> [Task goal]: Although pictures appear in the data, the answer should contain only the lines from its start through the line with "Schöner Sternenhimmel Sternenstaub", written out exactly.

##### Data listing #####

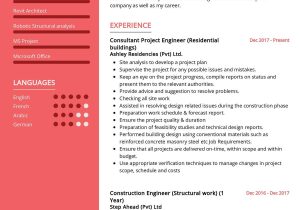 Sample Resume for Use In Feasibility Study Civil Engineer Cv Example 2022 Writing Tips – Resumekraft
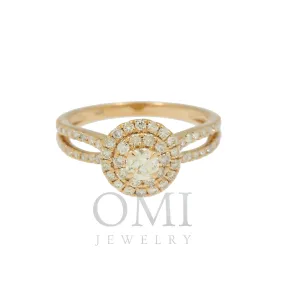 14K GOLD ROUND DIAMOND CIRCLE RING 2.55 CT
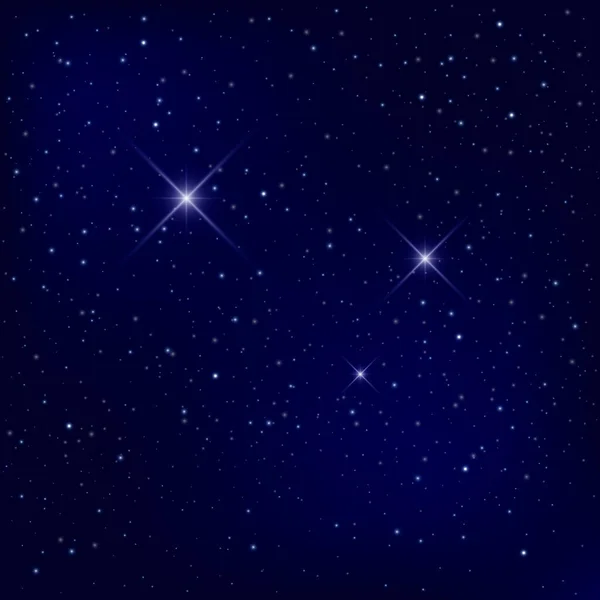 Schöner Sternenhimmel Sternenstaub Und Hell Leuchtende Sterne Universum Realistische Vektorillustration — Stockvektor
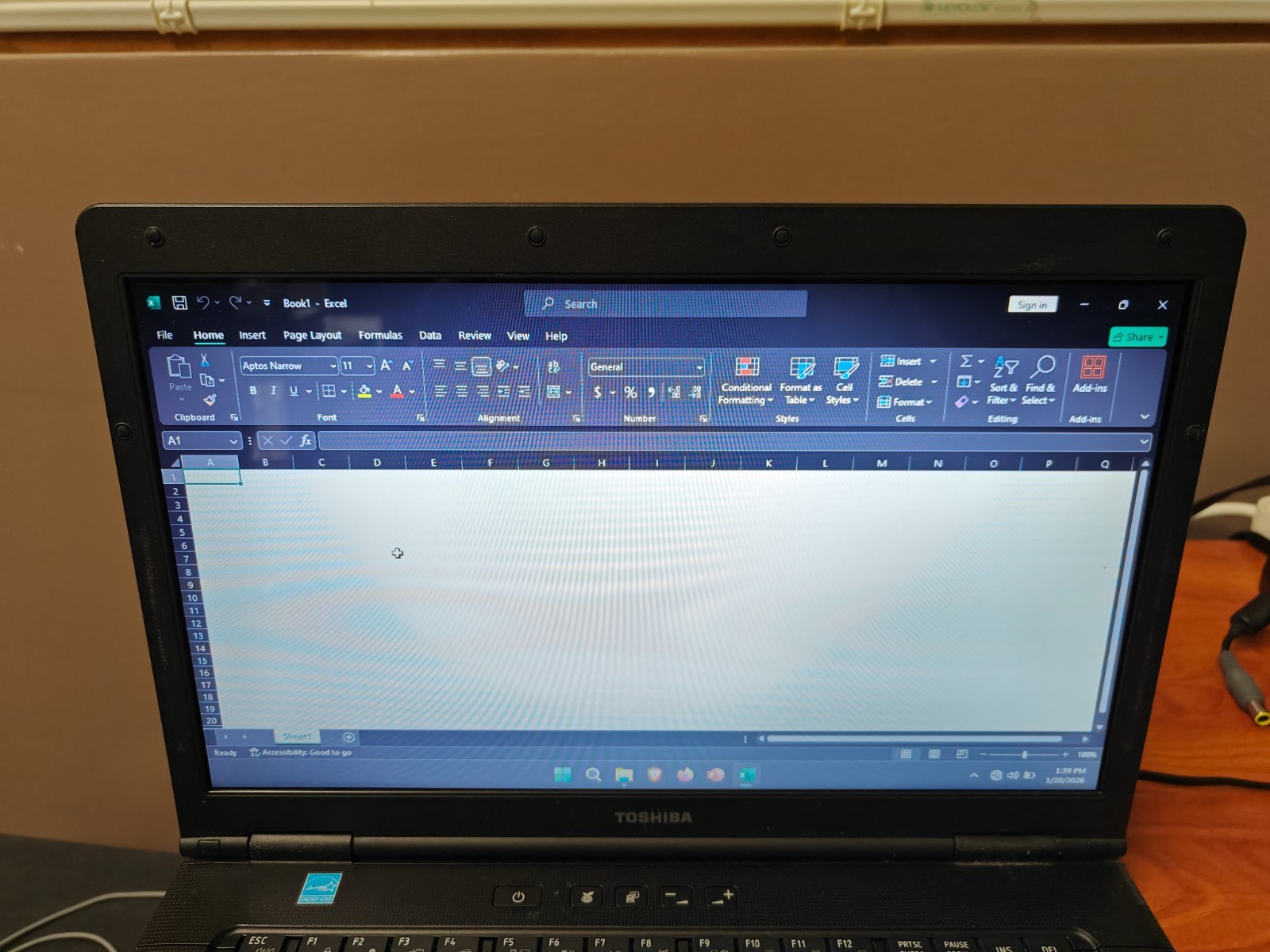 Toshiba Tecra A11-ST3500 15″ Laptop Intel Core i5 M560 120GB SSD Windows 11 pro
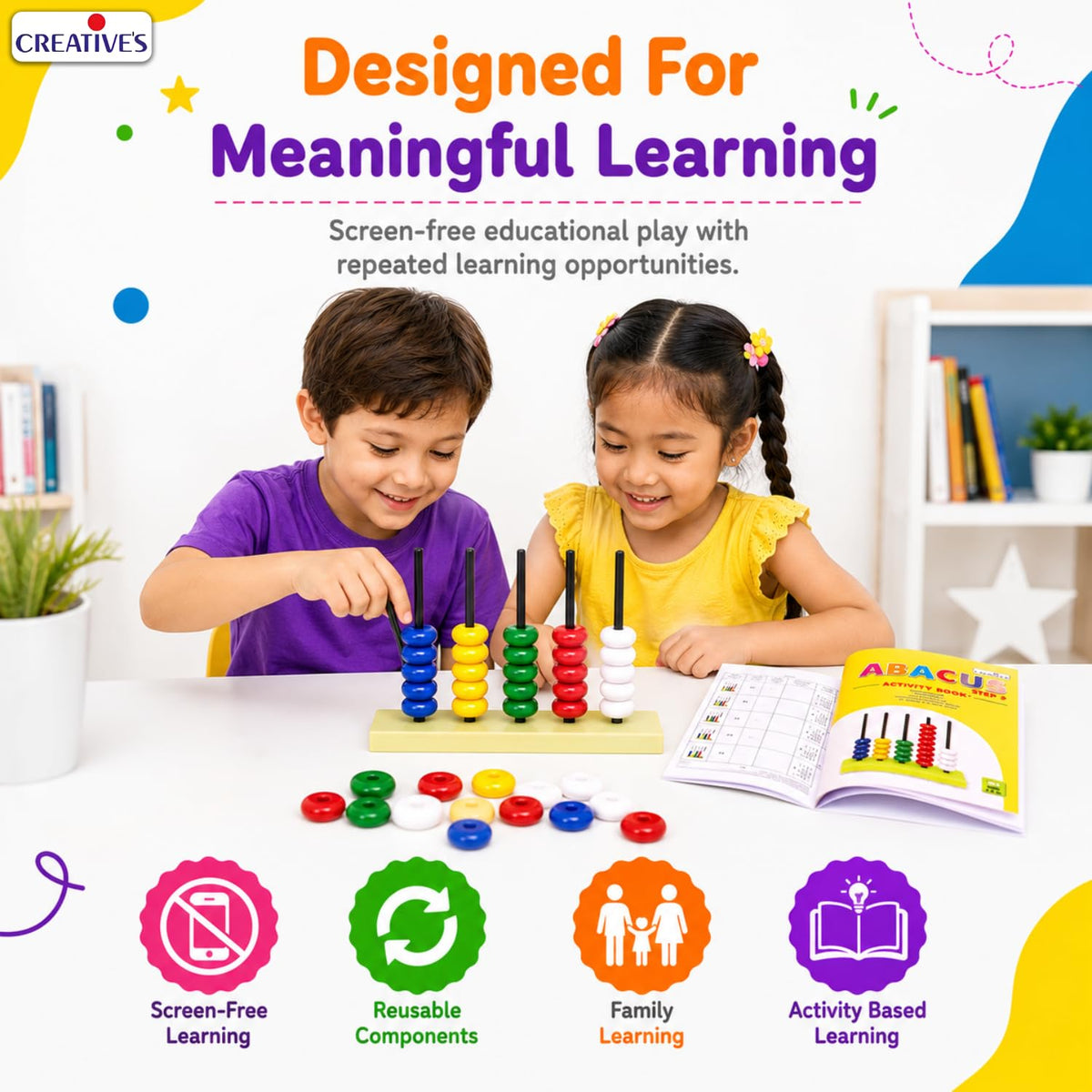 Creative's - CRE0951 Abacus Step 2 (Multi-Color)
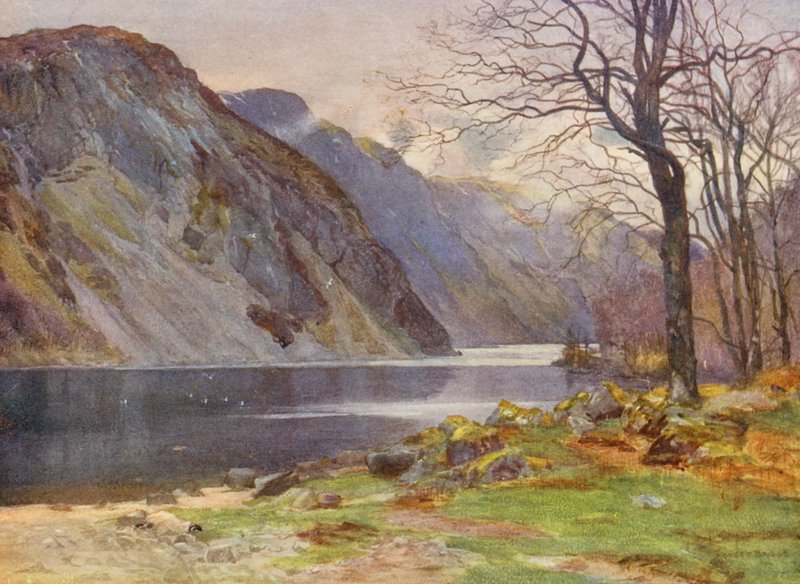 A Brander-hágó (színes litográfia) alkotó: Ernest Edward Briggs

#####

> [Exercise output]:
 Sample Resume for Use In Feasibility Study Civil Engineer Cv Example 2022 Writing Tips – Resumekraft
 14K GOLD ROUND DIAMOND CIRCLE RING 2.55 CT
 Schöner Sternenhimmel Sternenstaub Und Hell Leuchtende Sterne Universum Realistische Vektorillustration — Stockvektor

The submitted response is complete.